Gaspar Correa in his Lendas da India writes that the tip of Africa was discovered not by Bartholomeu Dias but by Janifante, ‘a foreign merchant, who frequently came to Lisbon’. This is perhaps João Infante, who captained one of Dias’s ships. Correa writes that the king outfitted him and he sailed down the west coast of Africa. Near the Cape of Good Hope he encountered waves so powerful he could not sail on. Back in Lisbon he was constructing ‘tall’ ships for a repeat voyage when he fell ill and died. The king then dispatched Vasco da Gama.
Samuel Morison in his book Portuguese Voyages to America in the Fifteenth Century largely discounts what he considers the myth of Portuguese secrecy in their explorations. While John II and others were secretive by nature, he argues, there was no formal policy to conceal Portuguese discoveries. The kings were constantly torn between keeping matters to themselves, and in so doing making it harder for others to exploit their discoveries, and crowing about their latest accomplishment. Vanity seems to have won out most of the time. Morison argues that there is no information about many voyages and discoveries because, for the most part, they were simply poorly recorded, or never happened.
Even Henry’s role in the explorations is disputed. James M. Anderson in his book The History of Portugal asserts that the legend of the Navigator is essentially a fiction created after his death. He points out that there is no ‘contemporary reference to the school [at Sagres], the first mention of it having been made in the seventeenth century by an Englishman’. He acknowledges that Henry took some interest in the explorations but suggests he did not play the dominant role generally attributed to him. This was a fiction created to give someone in the royal family credit.

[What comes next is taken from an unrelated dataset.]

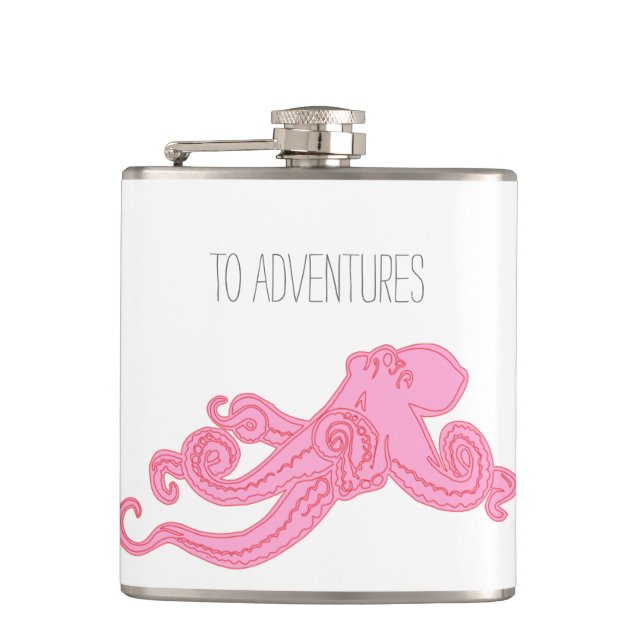 Flasques Le cru rose de poulpe kraken des aventures (Devant)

Francis Herbert, curator of maps at the Royal Geographical Society, former president of the Society for the History of Discoveries and author, argues passionately against the traditional presentation of the Portuguese explorations. He writes that the house of Coimbra and the Order of Santiago were primarily responsible for the Portuguese discoveries and for the push to India, but that credit was later usurped by the house of Viseu and the Order of Christ –in other words, the monarchy. He states that the Gama voyage was commanded by Vasco’s older brother Paulo, and that Paulo sailed under orders of George de Lancastre, the natural son of John II, Duke of Coimbra and master of the Order of Santiago. The entire expedition, according to Herbert, was owned by the Order of Santiago. According to this account, Vasco da Gama assumed final command of the expedition on the death of his older brother, and when he returned in triumph King Manuel took the credit for the expedition. Such were the rewards –or bribes –he received that Vasco da Gama abandoned the Order of Santiago for the Order of Christ.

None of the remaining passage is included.